Background
Simon Willard was born on April 3, 1753 in Grafton, Massachussets, the eighth child of Benjamin and Sarah (Brooks) Willard and a descendant of Maj. Simon Willard, one of the founders of Concord.
Simon Willard was born on April 3, 1753 in Grafton, Massachussets, the eighth child of Benjamin and Sarah (Brooks) Willard and a descendant of Maj. Simon Willard, one of the founders of Concord.
He had but a limited schooling and when he was twelve years old his father apprenticed him to a clockmaker in Grafton.
Within a year (1766) he had made with his own hands and without any assistance a grandfather clock which was pronounced far superior to those produced by his master. For the next nine or ten years little is definitely known of Willard's activities. An older brother was engaged in the clock manufacturing business in Grafton at the time, and Simon may have been employed by him. He may, however, have made clocks for himself, for, clocks marked "Simon Willard, Grafton, " are occasionally found. At the time of the Lexington alarm, April 19, 1775, he marched with his brothers in Capt. Aaron Kimball's company of militia to Roxbury, Massachussets, but he was not war-minded and returned to Grafton after a week. He was drafted into the army later but he paid for a substitute, and presumably remained in Grafton making clocks during the Revolutionary War.

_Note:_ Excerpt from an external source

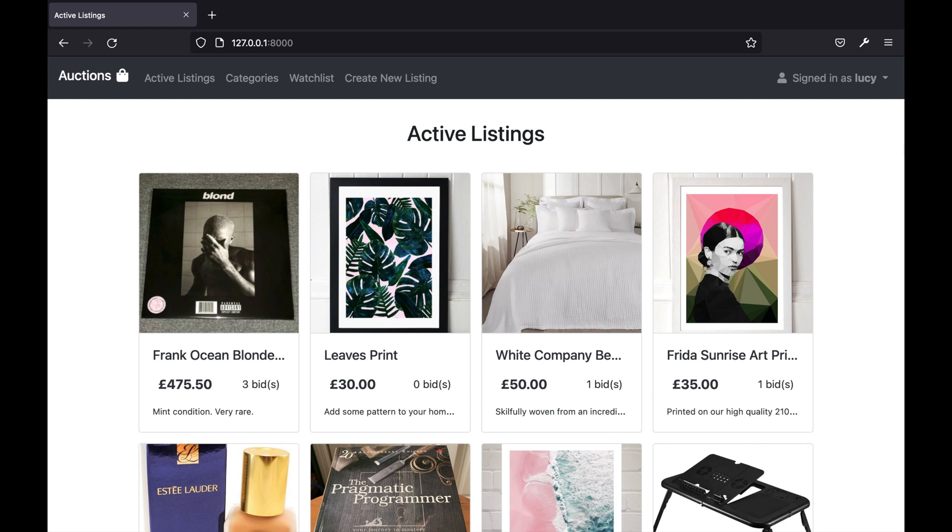Hi, I'm Lucy and this is Project 2 Commerce from CS50's Web Programming with Python and JavaScript. In this project I created an eBay-like e-commerce auction website and I'm going to show you how it works.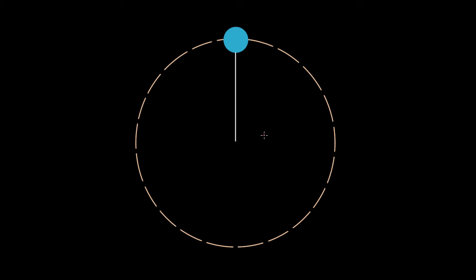People find centripetal force problems much more challenging than regular force problems, so we should go over at least a few more examples. And while we're doing them, we'll point out some common misconceptions that people make along the way.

He apparently determined to leave Grafton, and some time between 1777 and 1780 he went to Roxbury, where he established a combined clock factory and home and occupied it until his retirement in 1839, a period of over fifty-eight years. During his long and active career he manufactured every kind of clock, but specialized in church, hall, and gallery timepieces. He had not been in Roxbury long before his inventive faculties asserted themselves and at the May 1784 session of the General Court of Massachusetts, he was granted the exclusive privilege of making and vending clock jacks for five years. This, his first patent, was for a piece of kitchen furniture used for roasting meat before the open fire. The jack was suspended by a hook from the mantel in front of the fireplace, the meat was hung on a hook on the lower end of the jack, and a clock mechanism within the jack turned the meat before the fire. The invention for which Willard is especially renowned, however, is that for an improved timepiece, which he devised in 1801, and for which a United States patent was granted Feburary 8, 1802. This "Willard Patent Timepiece" at once won popular favor and in the course of time came to be known as a "banjo clock, " a name which Willard himself did not use either in his patent specifications or advertisements and sales. How or when the name originated is not known. His third invention was an alarm clock, for which he obtained a patent December 8, 1819, but it was not very successful or popular.
Willard built up an enviable reputation for the quality of the clocks he produced and his clientele was restricted to the wealthier classes. President Jefferson was one of his patrons and as a result, several of Willard's clocks were installed at the University of Virginia. One is today (1936) in the file room of the office of the chief clerk of the United States Supreme Court - still keeping perfect time - and another is contained in the Franzoni case in Statuary Hall in the Capitol at Washington.
Willard was an extremely poor business man; he paid no attention to the fact that other clockmakers stole his inventions beyond spurning them personally, and he retired at the age of eighty-six with five hundred dollars.
On November 29, 1776, he married Hannah Willard, his first cousin. On January 23, 1788, he married as his second wife, Mrs. Mary (Bird) Leeds. They had eleven children.